* What is expected: Having located the line with "2019年10月1日上午，", repeat it and all remaining lines of the records exactly. Pictures do not belong in the answer.
+ + + + + + +
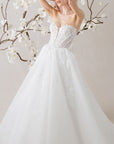 Elegantes Brautkleid von Morilee mit einem hauchdünnen Rock und floralen Akzenten.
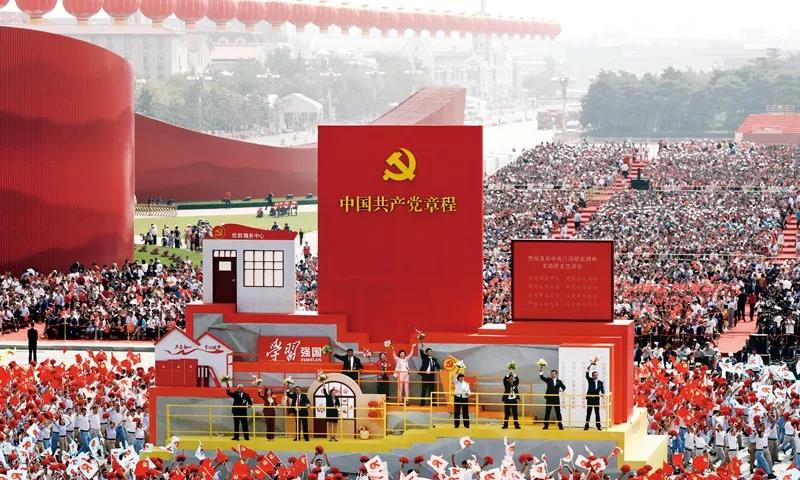 2019年10月1日上午，慶祝中華人民共和國成立70周年大會在北京天安門廣場隆重舉行。這是群眾游行中的“從嚴治黨”方陣。新華社記者 蘭紅光/攝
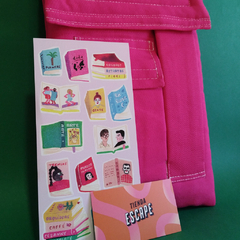 Funda acolchada fucsia + Plancha de stickers de María Luque en internet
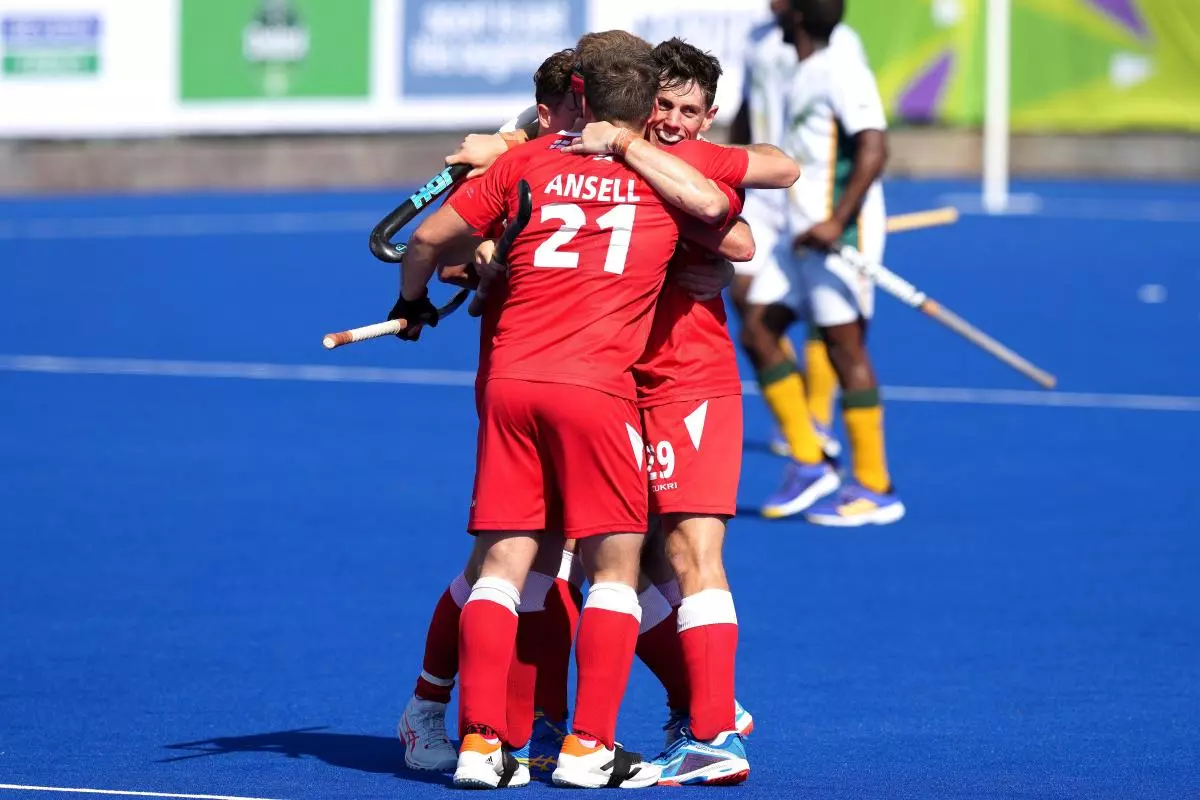 England celebrate bronze medal at Commonwealth Games
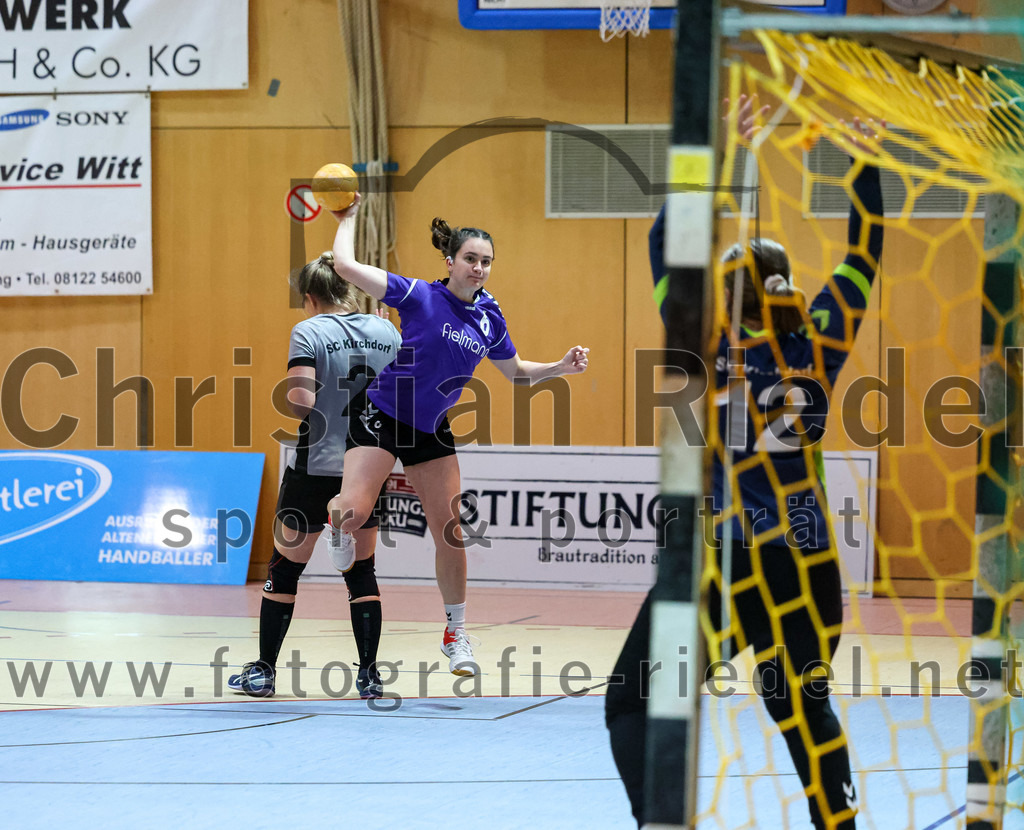 2022-11-12_037_SpVgg_Altenerding_II_gegen_SC_Kirchdorf | Erding, Deutschland, 12.11.2022:
Handball, Bezirksliga Frauen Altbayern 2022 / 2023, 5. Spieltag, SpVgg Altenerding II gegen SC Kirchdorf, Endergebnis: 24:19

Susanne Bichlmeier (SC Kirchdorf, #2), Carina Ziegltrum (SpVgg Altenerding, #6), Julia Sponsel (SC Kirchdorf, #12)

Foto: Christian Riedel / fotografie-riedel.net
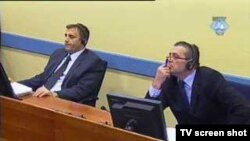 Milan i Sredoje Lukić u sudnici, 14. rujna 2011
+ + + + + + +
* Completed task:
 2019年10月1日上午，慶祝中華人民共和國成立70周年大會在北京天安門廣場隆重舉行。這是群眾游行中的“從嚴治黨”方陣。新華社記者 蘭紅光/攝
 Funda acolchada fucsia + Plancha de stickers de María Luque en internet
 England celebrate bronze medal at Commonwealth Games
 2022-11-12_037_SpVgg_Altenerding_II_gegen_SC_Kirchdorf | Erding, Deutschland, 12.11.2022:
Handball, Bezirksliga Frauen Altbayern 2022 / 2023, 5. Spieltag, SpVgg Altenerding II gegen SC Kirchdorf, Endergebnis: 24:19

Susanne Bichlmeier (SC Kirchdorf, #2), Carina Ziegltrum (SpVgg Altenerding, #6), Julia Sponsel (SC Kirchdorf, #12)

Foto: Christian Riedel / fotografie-riedel.net
 Milan i Sredoje Lukić u sudnici, 14. rujna 2011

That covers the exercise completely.